English rugby footballer (born 1980)

Scott Barrow (born 28 June 1980 in St. Helens, England) is a former rugby union player and now coach. He played for Glasgow Warriors and Leeds Carnegie at the Centre position. Barrow previously also played rugby league for St.Helens and Great Britain Under 19s.

==Rugby League==
Barrow first joined amateur rugby league side Blackbrook A.R.L.F.C. and then in 1997 he joined professional side St. Helens. He captained the Great Britain Under 19 side.

He was part of the winning St. Helens squad in the 2000 Super League Grand Final although he did not play in the match.

==Rugby Union==
Scott then switched code to play rugby union. In 2000, he signed with Worcester Warriors then playing in National League Division One.

He then moved to Orrell after a season and a half with Worcester, at a time when Orrell's experiment with professionalism had ended.

In 2004, Barrow left Orrell to join Rotherham but unfortunately at the time due to the club's finances he had to look elsewhere to try and secure professional rugby.

In six weeks both Orrell and Rotherham had gone bust. Barrow stated that he felt he should have turned down Orrell and stayed with Worcester Warriors.
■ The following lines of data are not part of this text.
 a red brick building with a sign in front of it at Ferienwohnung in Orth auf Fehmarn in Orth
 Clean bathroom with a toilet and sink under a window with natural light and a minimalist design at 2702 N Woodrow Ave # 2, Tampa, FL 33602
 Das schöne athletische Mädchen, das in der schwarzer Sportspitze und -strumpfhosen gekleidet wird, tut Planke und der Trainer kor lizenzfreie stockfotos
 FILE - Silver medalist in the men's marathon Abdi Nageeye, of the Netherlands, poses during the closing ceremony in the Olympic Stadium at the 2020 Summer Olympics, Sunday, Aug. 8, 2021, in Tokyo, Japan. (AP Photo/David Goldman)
However his friend Andy Craig previously of Orrell had secured a place with Glasgow Warriors and through him Scott secured a trial at the Scottish club.

===Glasgow Warriors===
Impressing in two pre-season games with Glasgow Warriors secured Scott a place in the provincial side. He played 4 seasons for the Warriors, being capped 58 times for the club at competitive level.

When not involved with the Warriors he played for Aberdeen GSFP RFC and Glasgow Hutchesons Aloysians.
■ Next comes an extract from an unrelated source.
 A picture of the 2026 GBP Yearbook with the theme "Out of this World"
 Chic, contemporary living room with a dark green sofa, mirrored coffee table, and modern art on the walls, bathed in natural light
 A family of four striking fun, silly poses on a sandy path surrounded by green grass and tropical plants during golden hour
A favourite with the Warriors fans the 'Warrior Nation' kept faith with Scott through a number of injuries. Barrow stated: "I also want to thank the fans for their support during my time here, particularly this season. The Saracens game and the Edinburgh match were great - you can't ask any more from fans - they were outstanding. We need to make it like that for every game."

===Scotland selection dashed===
After 4 years in Scotland Barrow exceeded the residence requirements to play for Scotland. He was called up to the Scotland A squad for the Churchill Cup in 2008. A delighted Barrow said: "I'm really made up about being in the Scotland A squad. I qualified for Scotland around August last year and I thought if I could get a few starts for Glasgow and play well I might get a chance in the A squad or Test squad."

He joined Leeds Carnegie in 2008 but this move heartbreakingly scuppered his Scotland A selection. He had just sold his house in Scotland to Warriors teammate Bernardo Stortoni and was staying in rented accommodation with Graeme Morrison in Scotland while sorting out his move south and awaiting on his Scotland A cap. However World Rugby did not accept his Scottish rented address and he thus failed on residence requirements to qualify for Scotland! Barrow stated: If I'd known about this ruling I wouldn't have sold Bernie my home until after I'd toured. But it's not to be. My hopes of playing for Scotland are dead and buried now."

===Back to England===
Barrow was with Leeds for four years till 2012. He helped Leeds stay in the Premiership in 2010 but the next year they were relegated; one of Barrow's worst moments. He then signed for Fylde Rugby Club till 2014.

===Coaching===
He has moved into coaching with King's School, Macclesfield from 2012 and also with Sandbach RUFC from 2014.